Here I calculate the natural logarithm of the evidence, \(Z_1\), for hypothesis 1: the data variation can be described by Gaussian noise given by the experimental errors. This is just performed by evaluating the likelihood function: \[ Z_1 = \ln{\left(p(d|\{\sigma_{\rm sys}=0, A=0, P=1, \phi_0=0, t_0=0\},H_1,I)\right)} \] Note: I use a value of \(P=1\) to stop the model having to divide by zero, although the sinusoidal component will still be zero.

In [3]:
model = pmodel(0., 1., 0., 0., 0.)
Z1 = logL(Gs, model, errs, 0.)
print Z1
250.38113464

Case 2

Here I calculate the evidence, \(Z_2\), for hypothesis 2: the data variation can be described by Gaussian noise given by the experimental errors and an unknown systematic noise term.

The unknown noise term will have a Jeffrey's prior of \[ p(\sigma_{\rm sys}|I) = \left(\ln{\left( \frac{\sigma_{\rm sys,max}}{\sigma_{\rm sys,min}} \right)\sigma_{\rm sys} }\right)^{-1} \] where I have set the limits of \(\sigma_{\rm sys}\) using the smallest measured error as a lower limit and the maximum range of values as an upper limit.
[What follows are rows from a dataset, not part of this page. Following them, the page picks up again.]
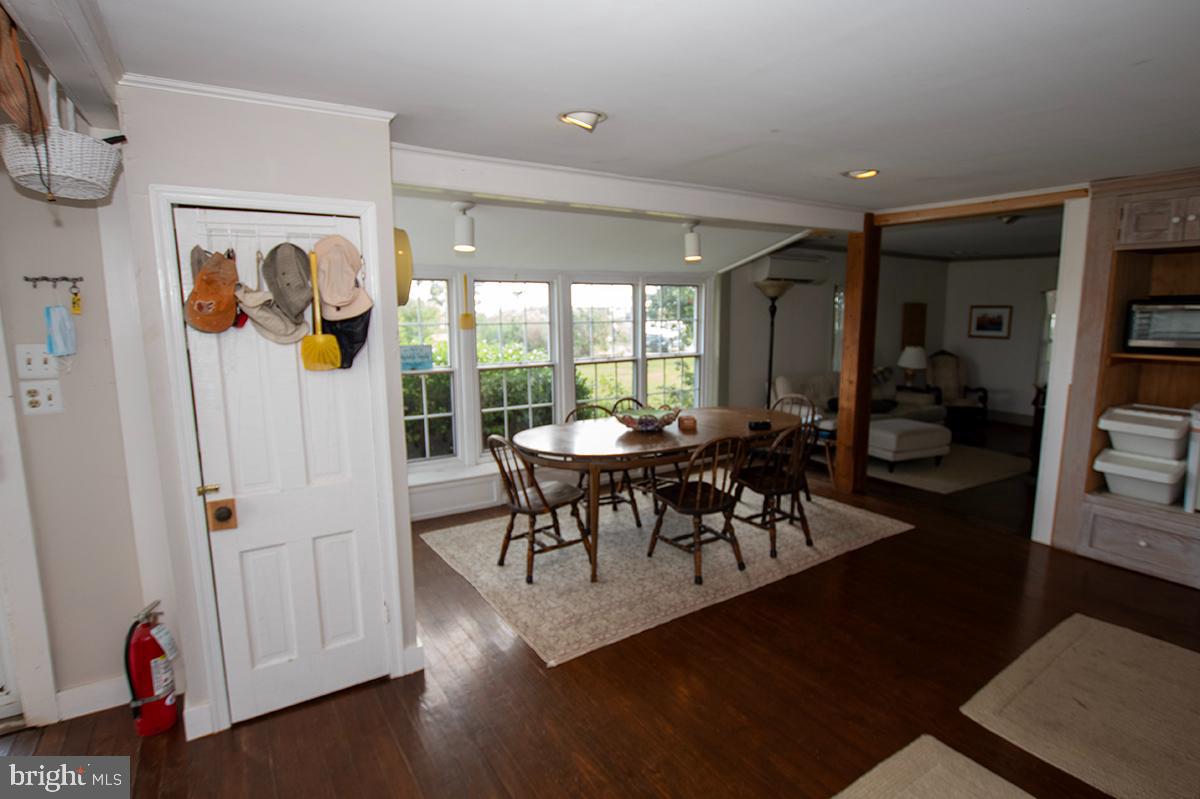 25678 Frenchtown Rd Property Photo 14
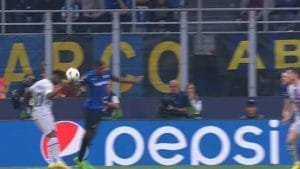 el-barca-se-plantea-quejarse-formalmente-del-arbitraje-en-milan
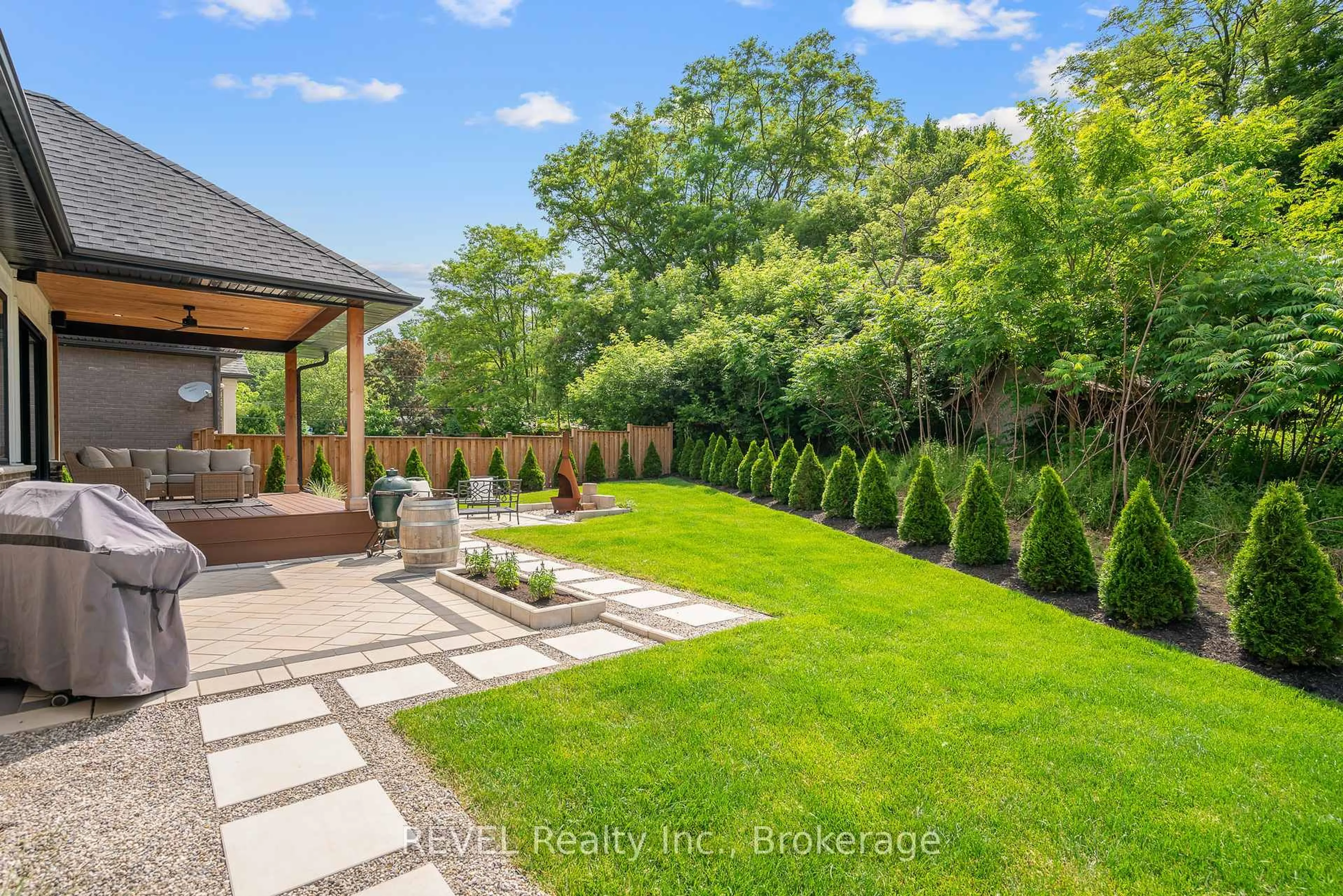 Patio, street for 7 Fedorkow Lane, Niagara-on-the-Lake Ontario L0S 1J1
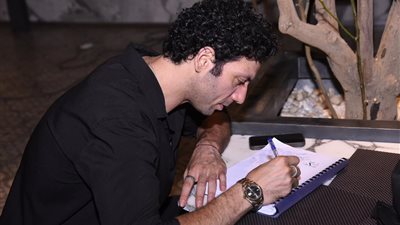 أبطال «بتوقيت 28» يختمون رحلتهم بتوقيعات دافئة على السيناريو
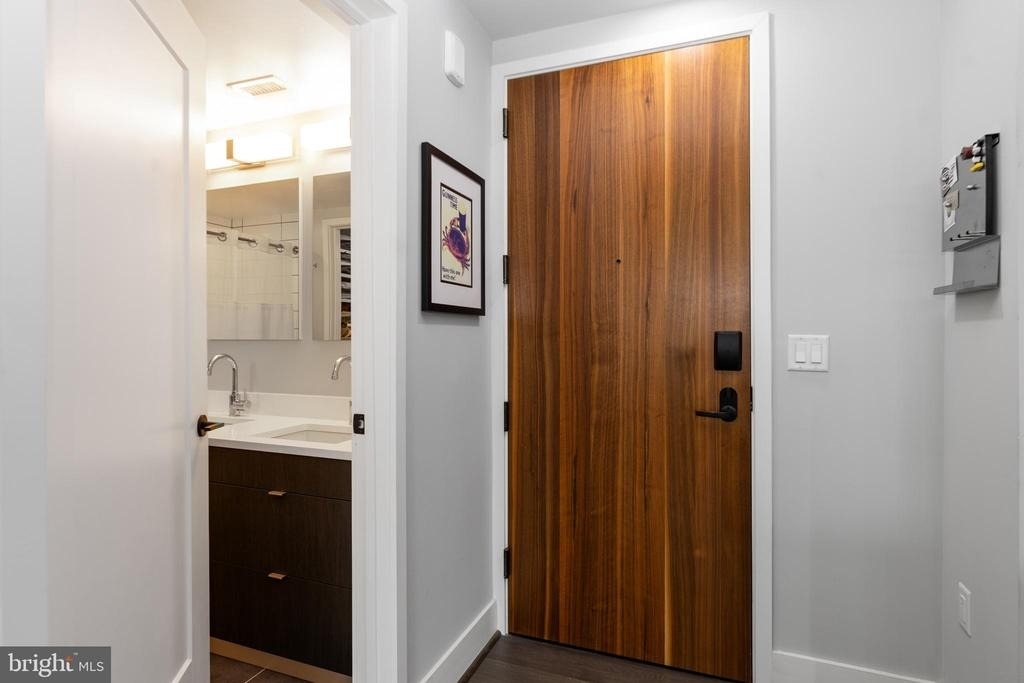 1300 4th Street Se - Photo 5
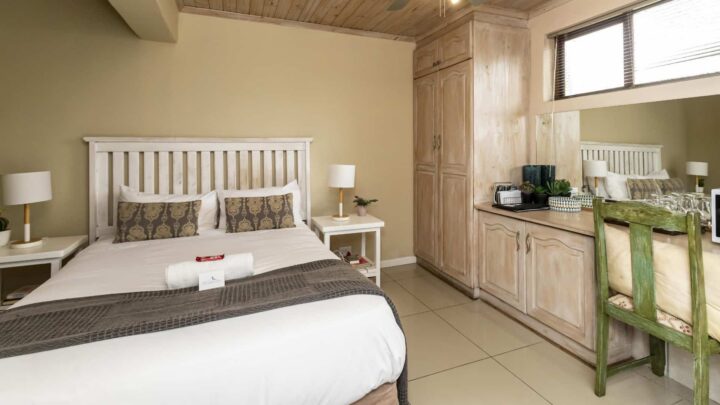 fish eagle manor room flamingo
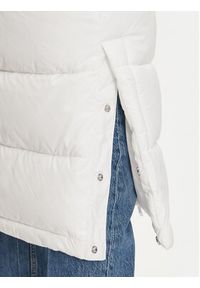 Tommy Jeans Płaszcz zimowy DW0DW19918 Biały Regular Fit. Kolor: biały. Materiał: syntetyk. Sezon: zima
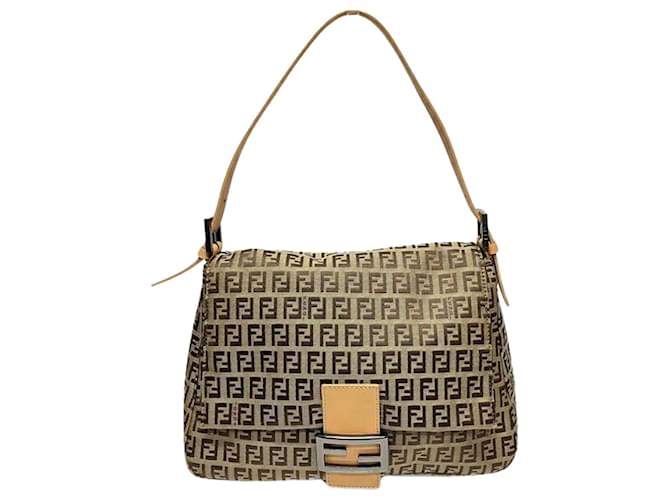 Bolsa de Ombro Fendi Zucchino Mamma Bucket Bege Caqui Couro Lona  ref.1513969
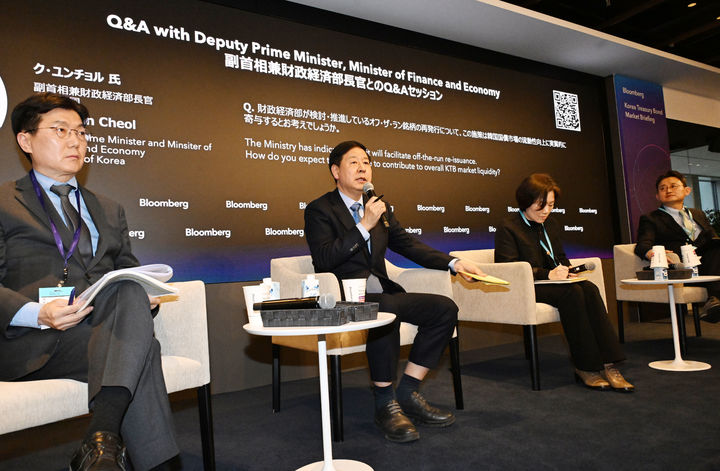 [서울=뉴시스] 황준선 기자 = 제10차 한-일 재무장관회의 참석차 일본 도쿄를 방문 중인 구윤철 부총리 겸 재정경제부 장관이 13일(현지시간) 블룸버그 도쿄지국에서 열린 일본 소재 글로벌 투자기관 대상 '한국경제 투자설명회'에서 참석자 질문에 답변하고 있다. (사진=재정경제부 제공) 2026.03.13. photo@newsis.com *재판매 및 DB 금지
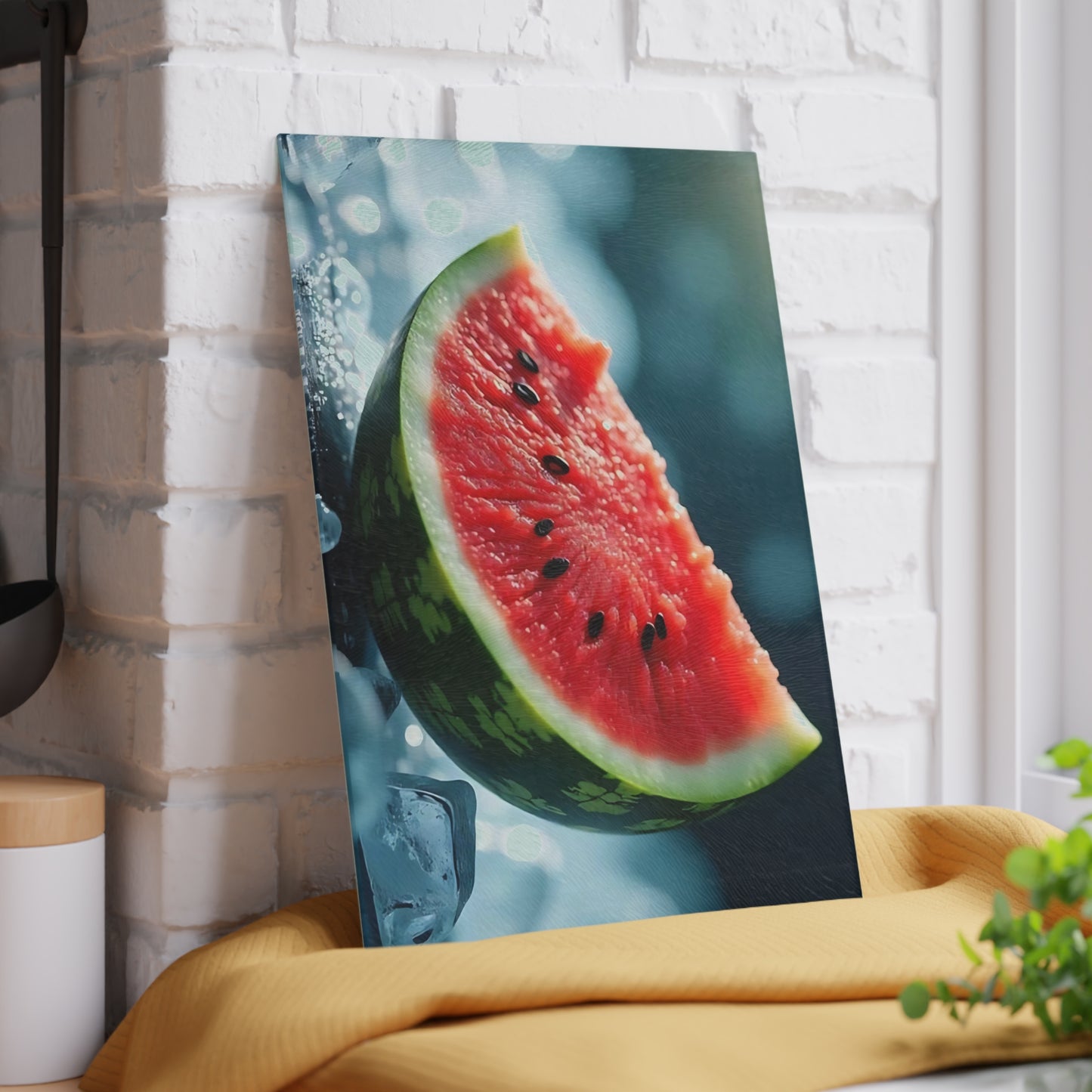 Tabla de cortar de vidrio con rodajas de sandía sobre hielo: una refrescante decoración de cocina de verano, un vibrante regalo con temática frutal.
The evidence has been evaluated as \[ Z_2 = \ln{\left( \int_{\sigma_{\rm sys,min}}^{\sigma_{\rm sys,max}} p(d|\{\sigma_{\rm sys}, A=0, P=1, \phi_0=0, t_0=0\},H_2,I)p(\sigma_{\rm sys}|I) {\rm d}\sigma_{\rm sys} \right)} \]

In [4]:
from scipy.misc import logsumexp

# define a trapezium rule integration function for log values
def logtrapz(arr, dx):
    logt = -np.inf
    ldx = np.log(dx)
    l2 = np.log(2.)
    for i in range(1,len(arr)):
        logt = np.logaddexp(logt, np.logaddexp(arr[i-1], arr[i]) + ldx[i-1] - l2)
    
    return logt

sigmasysmax = np.max(Gs)-np.min(Gs)
sigmasysmin = np.min(errs)

sysfrac = np.log(sigmasysmax/sigmasysmin)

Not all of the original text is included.